Caitlin trocknete sich die Augen. Sie nahm einen großen Umschlag von dem Stuhl neben ihr.
»Das hier ist für dich gekommen, während du weg warst«, sagte sie.
Nathan schlitzte den Umschlag mit einem Messer auf. Es war eine farbenprächtige Broschüre des Mannheim Centre for Criminology an der London School of Economics. Der Begleitbrief war an ihn persönlich adressiert.

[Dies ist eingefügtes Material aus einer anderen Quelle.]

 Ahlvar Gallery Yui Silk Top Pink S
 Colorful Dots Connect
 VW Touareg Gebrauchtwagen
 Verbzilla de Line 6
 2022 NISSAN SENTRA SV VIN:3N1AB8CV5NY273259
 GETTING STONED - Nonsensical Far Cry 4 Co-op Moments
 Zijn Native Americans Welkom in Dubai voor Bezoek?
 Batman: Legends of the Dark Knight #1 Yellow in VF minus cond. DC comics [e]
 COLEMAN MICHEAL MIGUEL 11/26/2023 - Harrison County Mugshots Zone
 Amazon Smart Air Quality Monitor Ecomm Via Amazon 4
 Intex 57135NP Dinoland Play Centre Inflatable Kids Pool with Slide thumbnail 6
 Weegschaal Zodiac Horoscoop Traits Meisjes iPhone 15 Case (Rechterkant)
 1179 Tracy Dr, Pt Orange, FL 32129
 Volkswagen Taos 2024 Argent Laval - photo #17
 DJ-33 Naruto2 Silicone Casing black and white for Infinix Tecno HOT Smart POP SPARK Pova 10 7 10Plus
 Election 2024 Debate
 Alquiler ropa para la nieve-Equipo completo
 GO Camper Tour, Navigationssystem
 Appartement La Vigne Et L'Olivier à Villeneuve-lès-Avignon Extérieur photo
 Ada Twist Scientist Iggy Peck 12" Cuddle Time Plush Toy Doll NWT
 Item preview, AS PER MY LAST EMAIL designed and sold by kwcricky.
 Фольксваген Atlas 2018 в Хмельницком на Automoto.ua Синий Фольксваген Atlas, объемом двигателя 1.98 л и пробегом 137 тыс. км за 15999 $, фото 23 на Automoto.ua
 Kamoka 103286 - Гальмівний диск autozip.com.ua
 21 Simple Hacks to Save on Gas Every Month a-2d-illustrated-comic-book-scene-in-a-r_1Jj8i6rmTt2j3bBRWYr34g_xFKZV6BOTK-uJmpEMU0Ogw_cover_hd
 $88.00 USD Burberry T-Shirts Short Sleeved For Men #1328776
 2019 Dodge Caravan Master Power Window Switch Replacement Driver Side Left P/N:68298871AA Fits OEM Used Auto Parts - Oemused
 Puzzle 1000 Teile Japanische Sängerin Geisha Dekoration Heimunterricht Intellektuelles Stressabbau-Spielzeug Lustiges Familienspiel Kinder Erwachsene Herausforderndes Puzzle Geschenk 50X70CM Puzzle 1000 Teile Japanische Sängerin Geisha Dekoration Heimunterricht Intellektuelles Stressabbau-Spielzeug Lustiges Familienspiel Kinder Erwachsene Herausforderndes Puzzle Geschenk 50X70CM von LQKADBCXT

»Man bietet mir an, mich für eine Dozentenstelle zu bewerben. Sie müssen von meiner…« Er hob den Kopf. »Du hast doch nicht etwa?«
»Ich hab was?«
»Meinen Lebenslauf eingeschickt.«
»Vielleicht.«
Nathan seufzte.
»Du bist alles, was ich noch habe, Nate.«
»Reden wir später drüber.« Nathan warf einen Blick auf die Uhr. »Verdammt!« Er griff nach seiner Lederjacke hinter der Küchentür. »Bis später!«
»Kein Anzug?«
»Keine Zeit.«
»Und stell dich endlich auf die Hinterbeine!«, rief Caitlin ihm nach, als bereits die Wohnungstür hinter ihm zufiel. Er rannte die steinerne Treppe hinunter zur Caledonian Road.